PASTE addresses these issues by using Multiprotocol Label Switching (MPLS) [1] and the Resource Reservation Protocol (RSVP) [2] to create a scalable traffic management architecture that supports differentiated services. This document assumes that the reader has at least some familiarity with both of these technologies.

2.0 Terminology

In common usage, a packet flow, or a flow, refers to a unidirectional stream of packets, distributed over time. Typically a flow has very fine granularity and reflects a single interchange between hosts, such as a TCP connection. An aggregated flow is a number of flows that share forwarding state and a single resource reservation along a sequence of routers.

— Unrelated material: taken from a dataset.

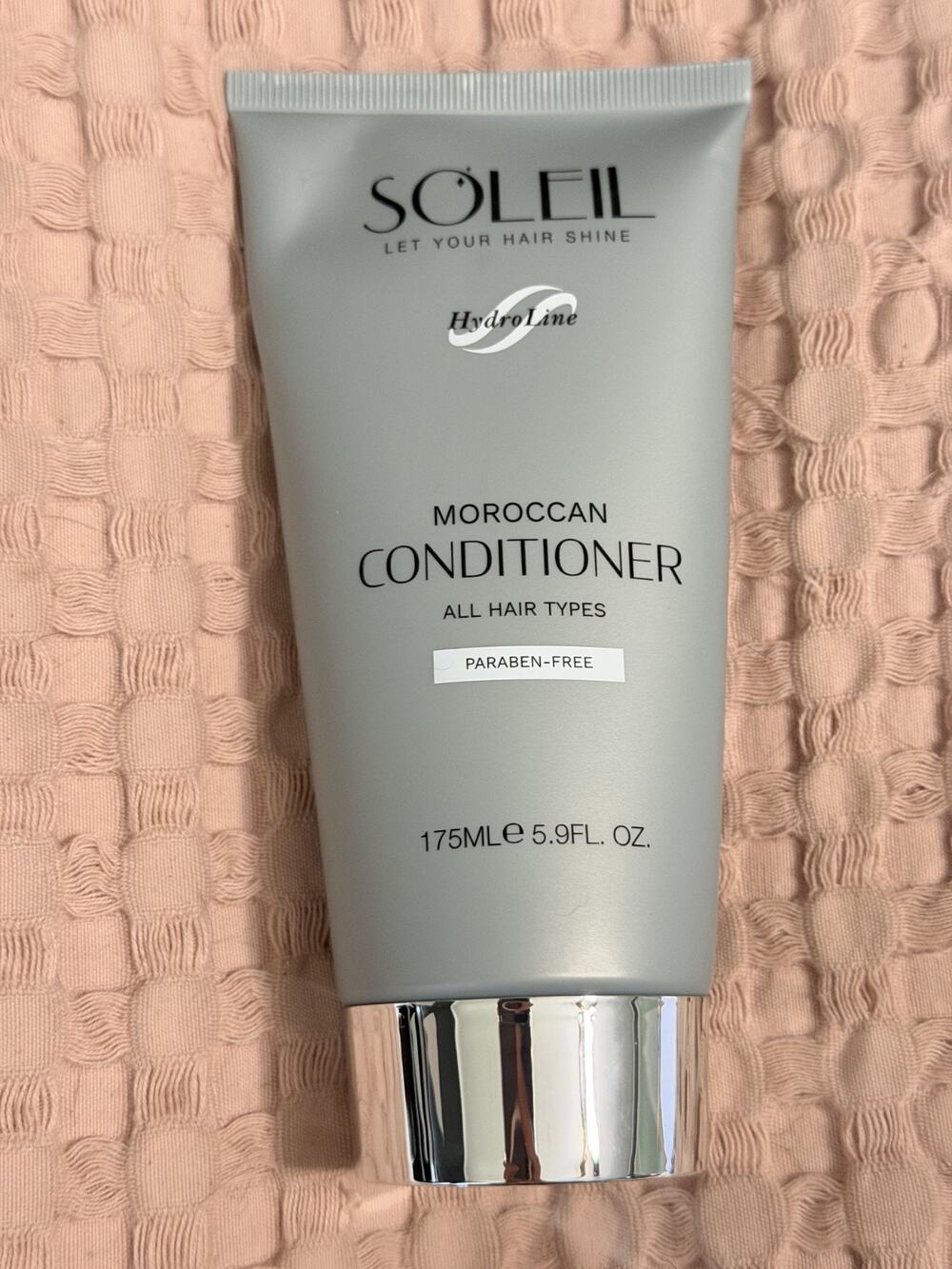 Soleil Hydro Line Moroccan Conditioner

One mechanism for supporting aggregated flows is Multiprotocol Label Switching (MPLS). In MPLS, packets are tunneled by wrapping them in a minimal header [3]. Each such header contains a label, that carries both forwarding and resource reservation semantics. MPLS defines mechanisms to install label-based forwarding information along a series of Label Switching Routers (LSRs) to construct a Label Switched Path (LSP). LSPs can also be associated with resource reservation information.

One protocol for constructing such LSPs is the Resource Reservation Protocol (RSVP) [4]. When used with the Explicit Route Object (ERO) [5], RSVP can be used to construct an LSP along an explicit route [6].

To support differentiated services, packets are divided into separate traffic classes. For conceptual purposes, we will discuss three different traffic classes: Best Effort, Priority, and Network Control. The exact number of subdivisions within each class is to be defined.

Network Control traffic primarily consists of routing protocols and network management traffic. If Network Control traffic is dropped, routing protocols can fail or flap, resulting in network instability. Thus, Network Control must have very low drop preference. However, Network Control traffic is generally insensitive to moderate delays and requires a relatively small amount of bandwidth. A small bandwidth guarantee is sufficient to insure that Network Control traffic operates correctly.

Priority traffic is likely to come in many flavors, depending on the application. Particular flows may require bandwidth guarantees, jitter guarantees, or upper bounds on delay. For the purposes of this memo, we will not distinguish the subdivisions of priority traffic. All priority traffic is assumed to have an explicit resource reservation.

Currently, the vast majority of traffic in ISPs is Best Effort traffic. This traffic is, for the most part, delay insensitive and reasonably adaptive to congestion.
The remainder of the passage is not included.